_Supplied material_.

────────

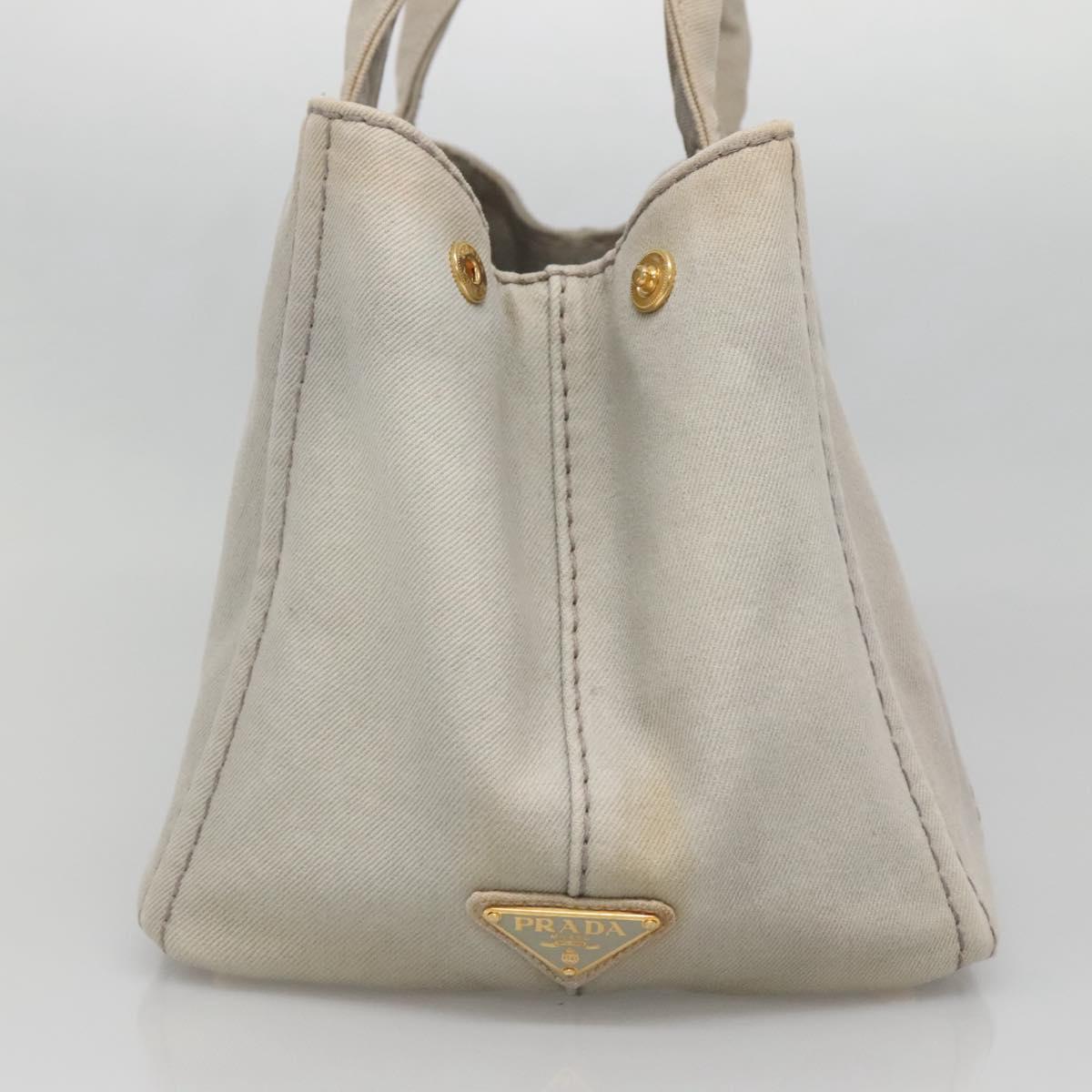 PRADA Canapa MM Hand Bag Canvas Gray Gold Auth bs28698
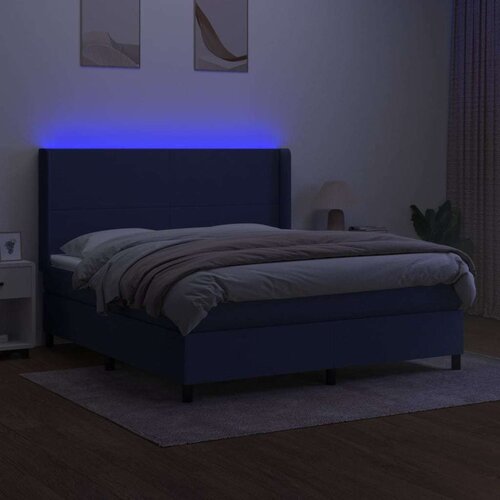  Krevet box spring s madracem LED plavi 160x200 cm od tkanine Slike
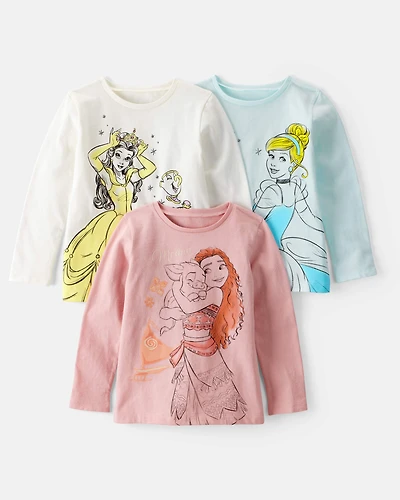 Girls 3-Pack Disney© Princess Long-Sleeve Graphic Tees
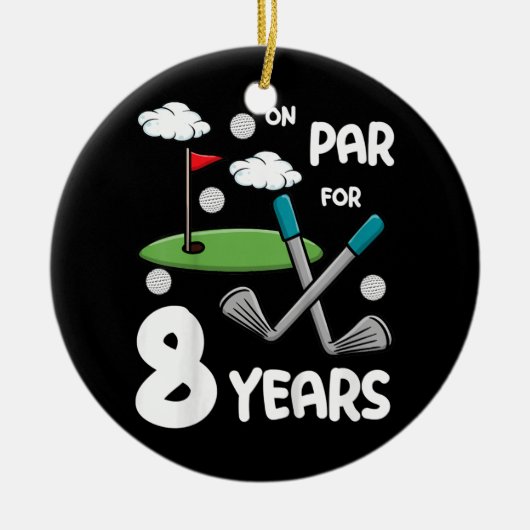 Kinder 8e verjaardag Golf Funny Golfer 8 jaar oud Keramisch Ornament (Voorkant)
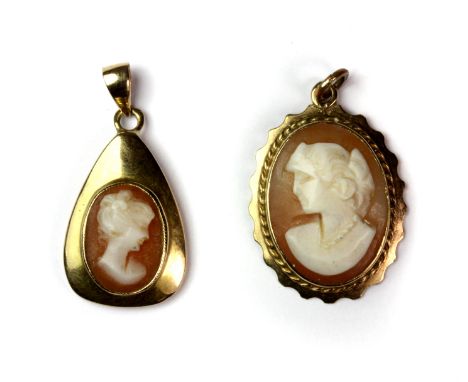 Two 9ct yellow gold mounted cameo pendants.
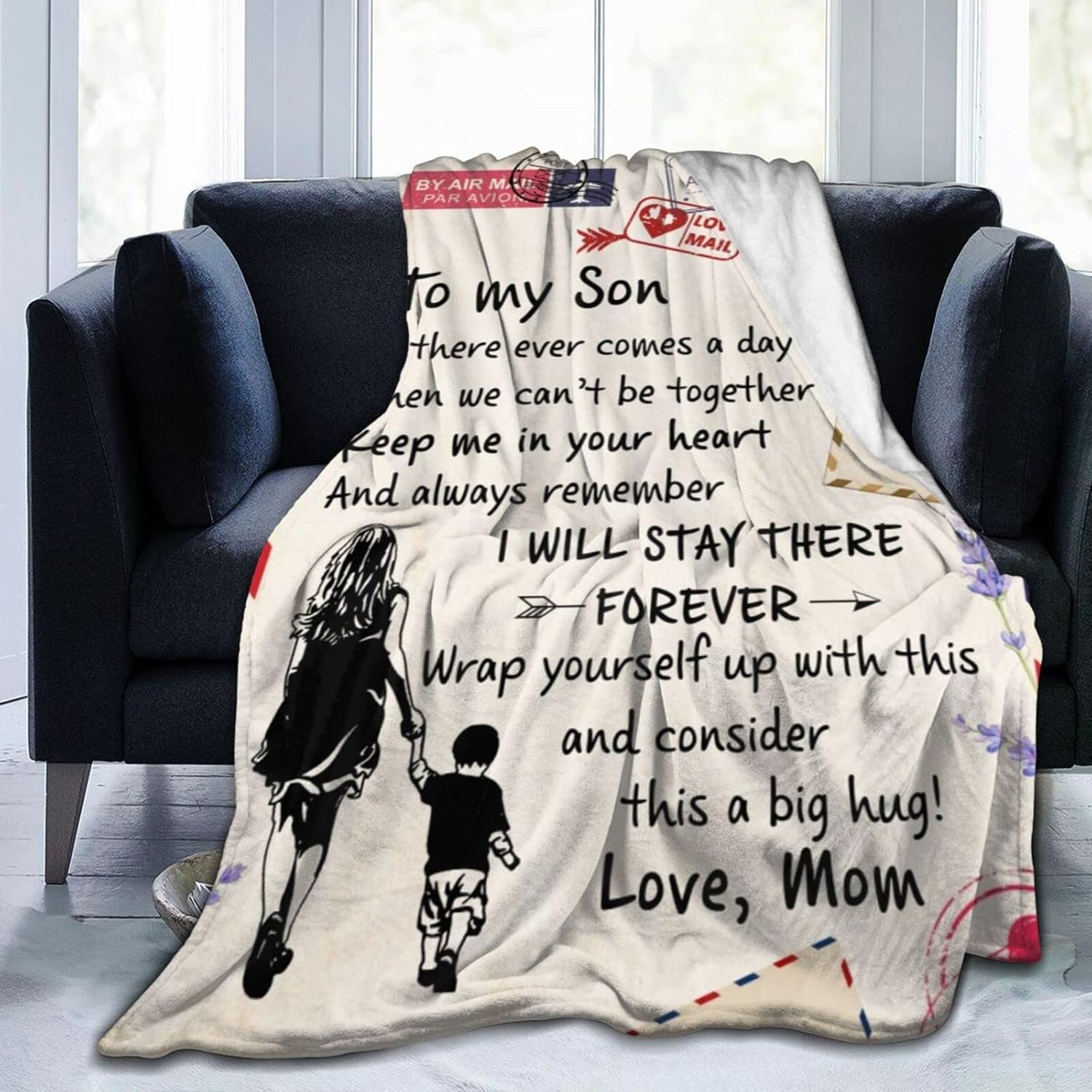 Fleece Blanket to My Son Letter Printed Quilts Mom for Son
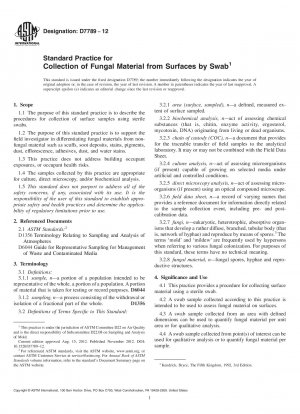 Standard Practice for Collection of Fungal Material from Surfaces by Swab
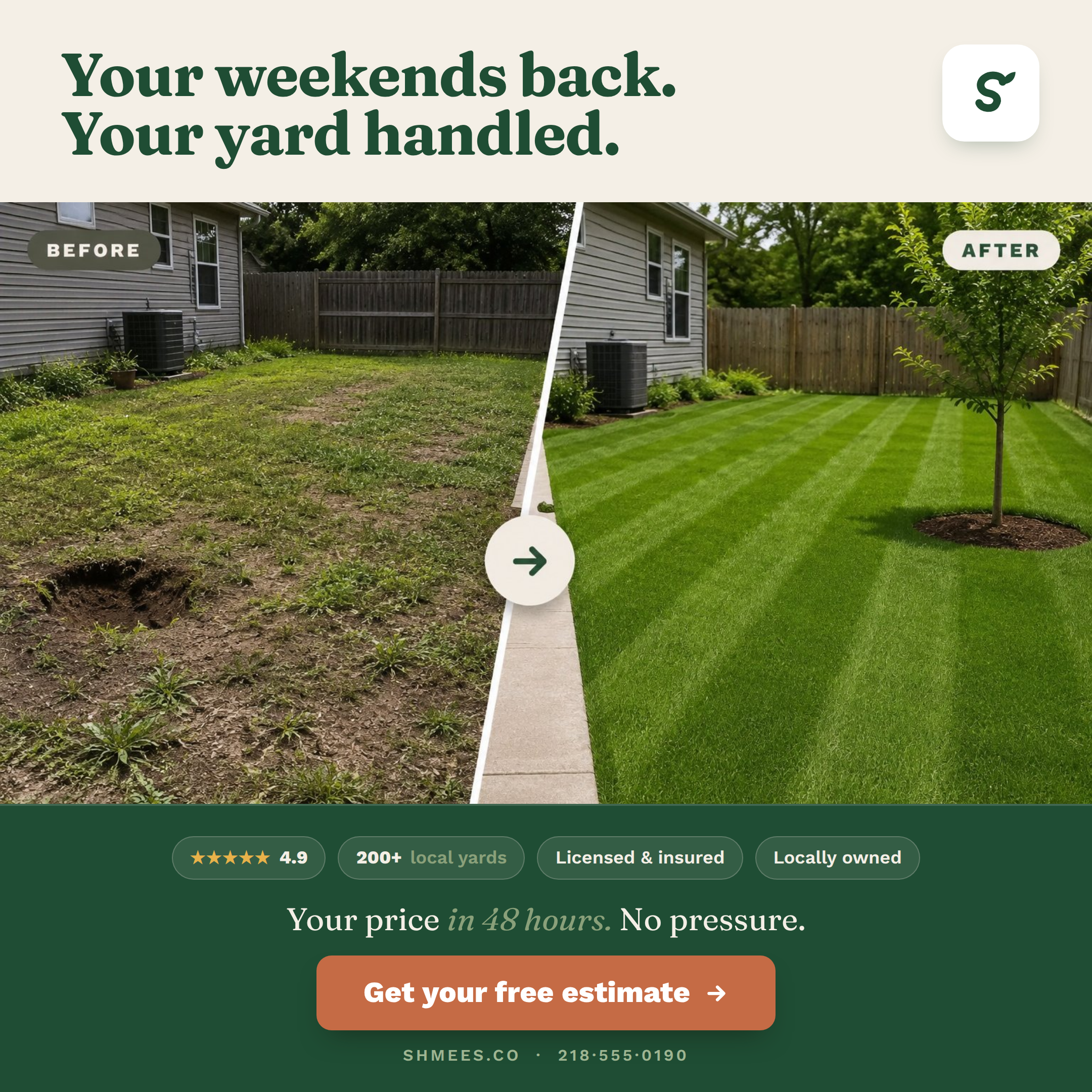 Shmee's Landscaping before-and-after Meta ad designed by Rovoos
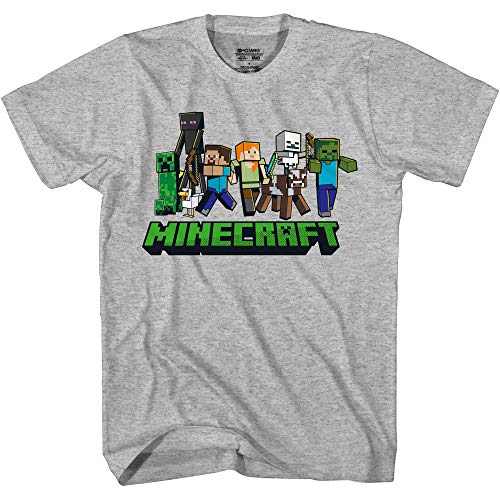 Minecraft Boys' Lineup Crew T-Shirt, Heather (XL) - Image 1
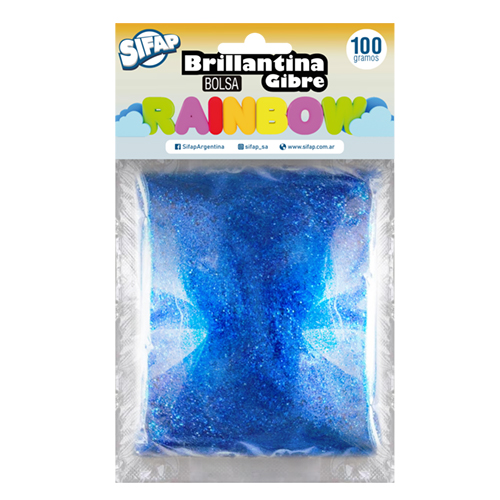 Brillantina gibre rainbow azul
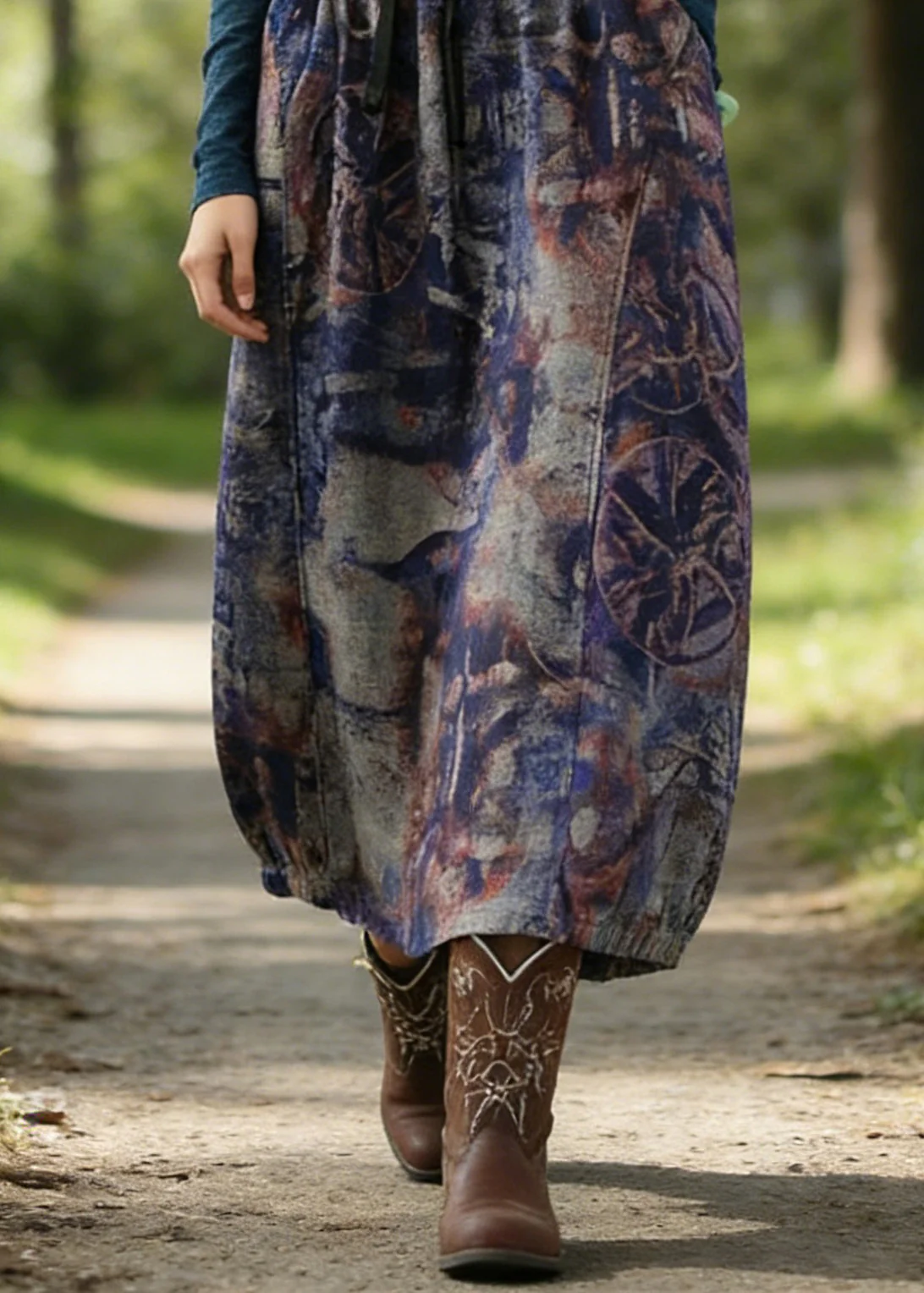 Art Purple High Waist Pockets Patchwork Print Linen Skirt Summer - Image 4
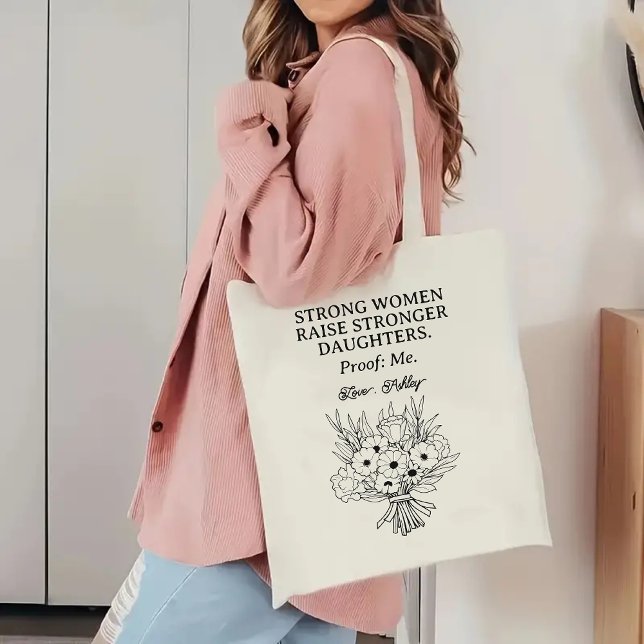 Personalisierter Blumenbeutel für Mama, Geschenk f Tragetasche (personalized tote bag, strong women quote bag, mama tote bag, mom gift, mother’s day tote, floral)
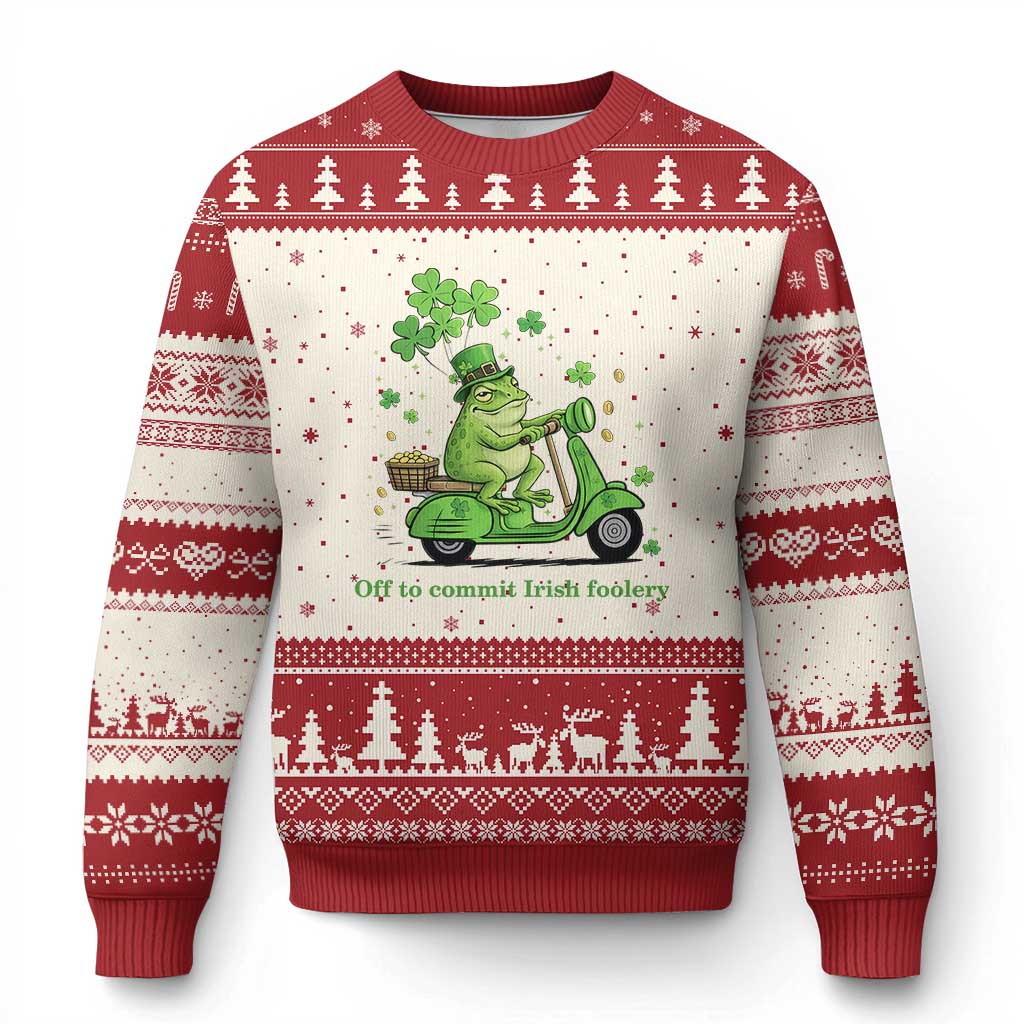 Funny Irish Frog Off To Commit Foolery Ugly Christmas Sweater St Patricks Day Gift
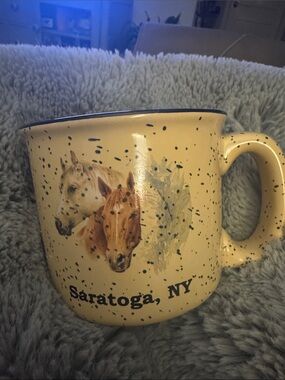 Saratoga NY Horse Accent Ceramic Mug - Yellow Speckled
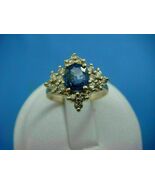 Anello di fidanzamento a grappolo di tanzanite blu con taglio ovale da 2... - $134.73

────────

_Assignment_. Copy exactly, and only, the lines running from the one containing "Kinder 8e verjaardag" through the final line of the data, and omit the pictures.

_Solution_.
 Kinder 8e verjaardag Golf Funny Golfer 8 jaar oud Keramisch Ornament (Voorkant)
 Two 9ct yellow gold mounted cameo pendants.
 Fleece Blanket to My Son Letter Printed Quilts Mom for Son
 Standard Practice for Collection of Fungal Material from Surfaces by Swab
 Shmee's Landscaping before-and-after Meta ad designed by Rovoos
 Minecraft Boys' Lineup Crew T-Shirt, Heather (XL) - Image 1
 Brillantina gibre rainbow azul
 Art Purple High Waist Pockets Patchwork Print Linen Skirt Summer - Image 4
 Personalisierter Blumenbeutel für Mama, Geschenk f Tragetasche (personalized tote bag, strong women quote bag, mama tote bag, mom gift, mother’s day tote, floral)
 Funny Irish Frog Off To Commit Foolery Ugly Christmas Sweater St Patricks Day Gift
 Saratoga NY Horse Accent Ceramic Mug - Yellow Speckled
 Anello di fidanzamento a grappolo di tanzanite blu con taglio ovale da 2... - $134.73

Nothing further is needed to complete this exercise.